Task item — All records are to be transcribed in full; any pictures among them are to be skipped.

•••

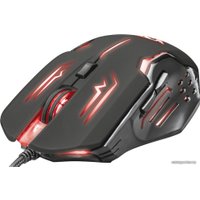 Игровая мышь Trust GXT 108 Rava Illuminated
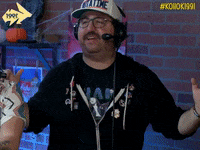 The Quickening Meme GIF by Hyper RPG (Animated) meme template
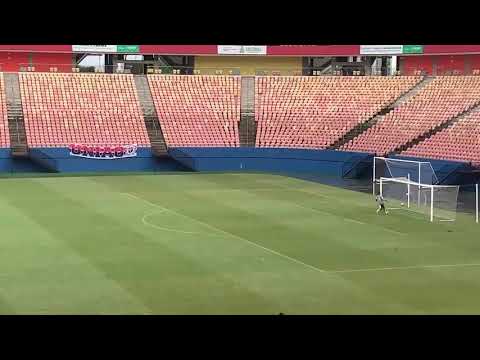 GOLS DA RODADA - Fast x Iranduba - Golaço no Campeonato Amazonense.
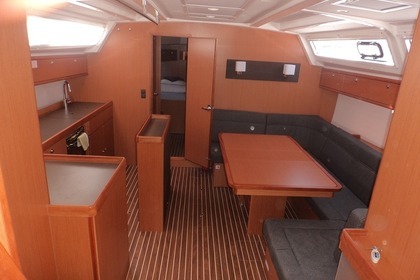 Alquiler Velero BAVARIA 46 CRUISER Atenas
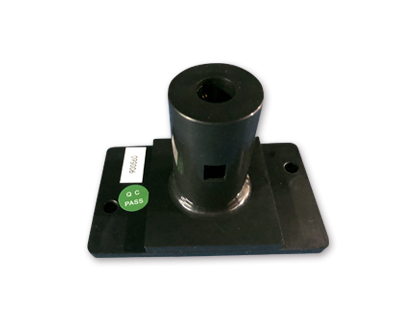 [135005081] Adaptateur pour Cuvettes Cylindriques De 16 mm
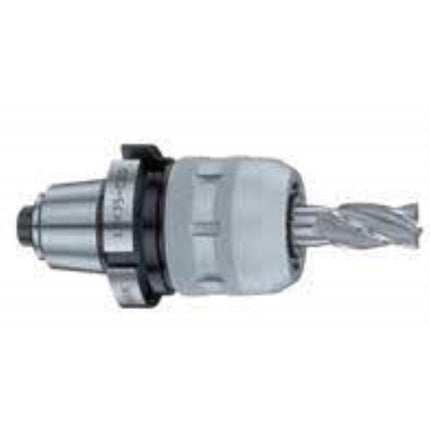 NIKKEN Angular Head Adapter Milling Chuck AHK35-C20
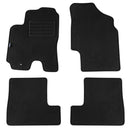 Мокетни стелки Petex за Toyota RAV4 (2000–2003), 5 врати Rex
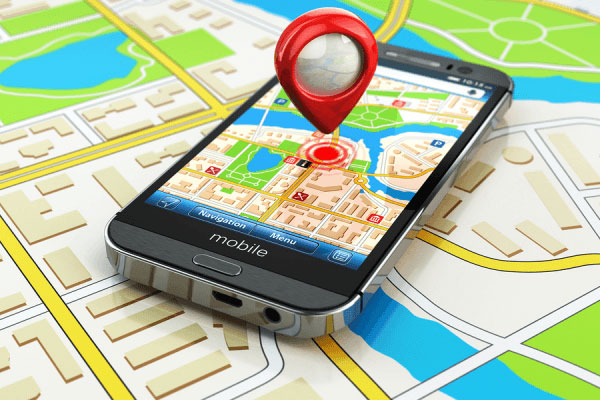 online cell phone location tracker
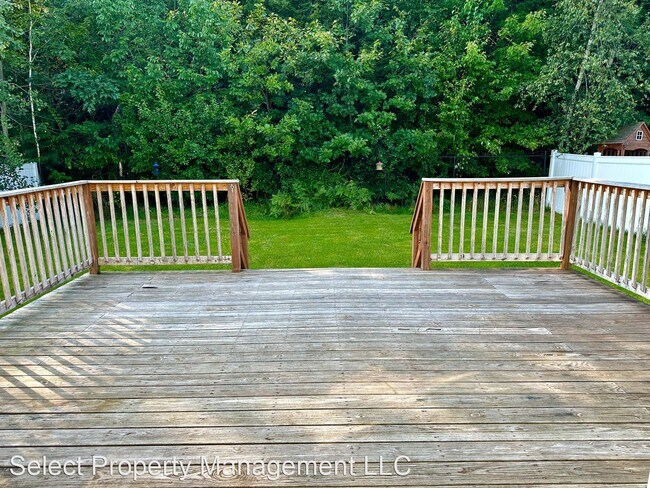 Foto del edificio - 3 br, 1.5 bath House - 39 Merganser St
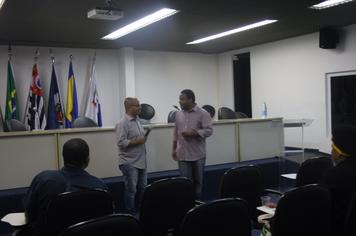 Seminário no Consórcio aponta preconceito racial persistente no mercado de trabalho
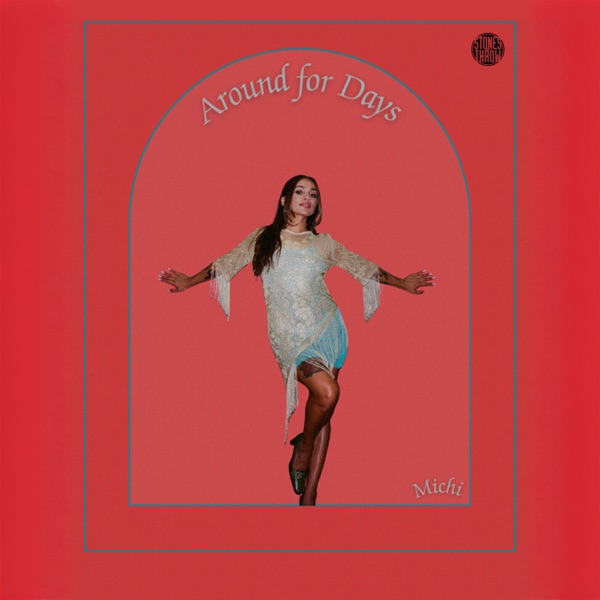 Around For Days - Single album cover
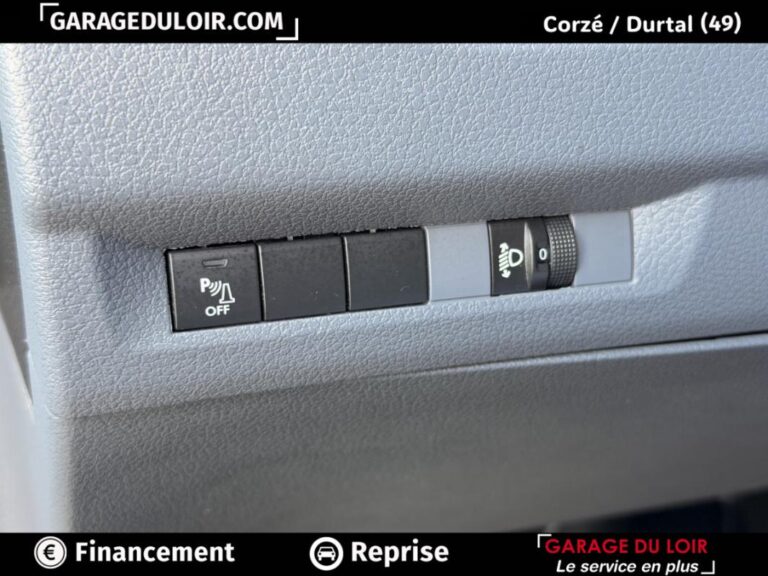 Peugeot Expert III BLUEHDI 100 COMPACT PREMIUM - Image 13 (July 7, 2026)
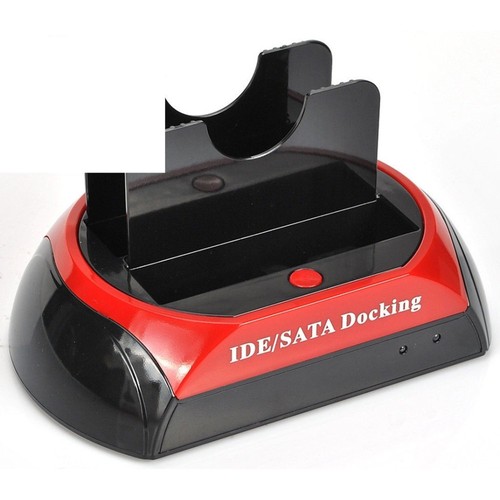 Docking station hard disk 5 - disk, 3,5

•••

Task output —
 Игровая мышь Trust GXT 108 Rava Illuminated
 The Quickening Meme GIF by Hyper RPG (Animated) meme template
 GOLS DA RODADA - Fast x Iranduba - Golaço no Campeonato Amazonense.
 Alquiler Velero BAVARIA 46 CRUISER Atenas
 [135005081] Adaptateur pour Cuvettes Cylindriques De 16 mm
 NIKKEN Angular Head Adapter Milling Chuck AHK35-C20
 Мокетни стелки Petex за Toyota RAV4 (2000–2003), 5 врати Rex
 online cell phone location tracker
 Foto del edificio - 3 br, 1.5 bath House - 39 Merganser St
 Seminário no Consórcio aponta preconceito racial persistente no mercado de trabalho
 Around For Days - Single album cover
 Peugeot Expert III BLUEHDI 100 COMPACT PREMIUM - Image 13 (July 7, 2026)
 Docking station hard disk 5 - disk, 3,5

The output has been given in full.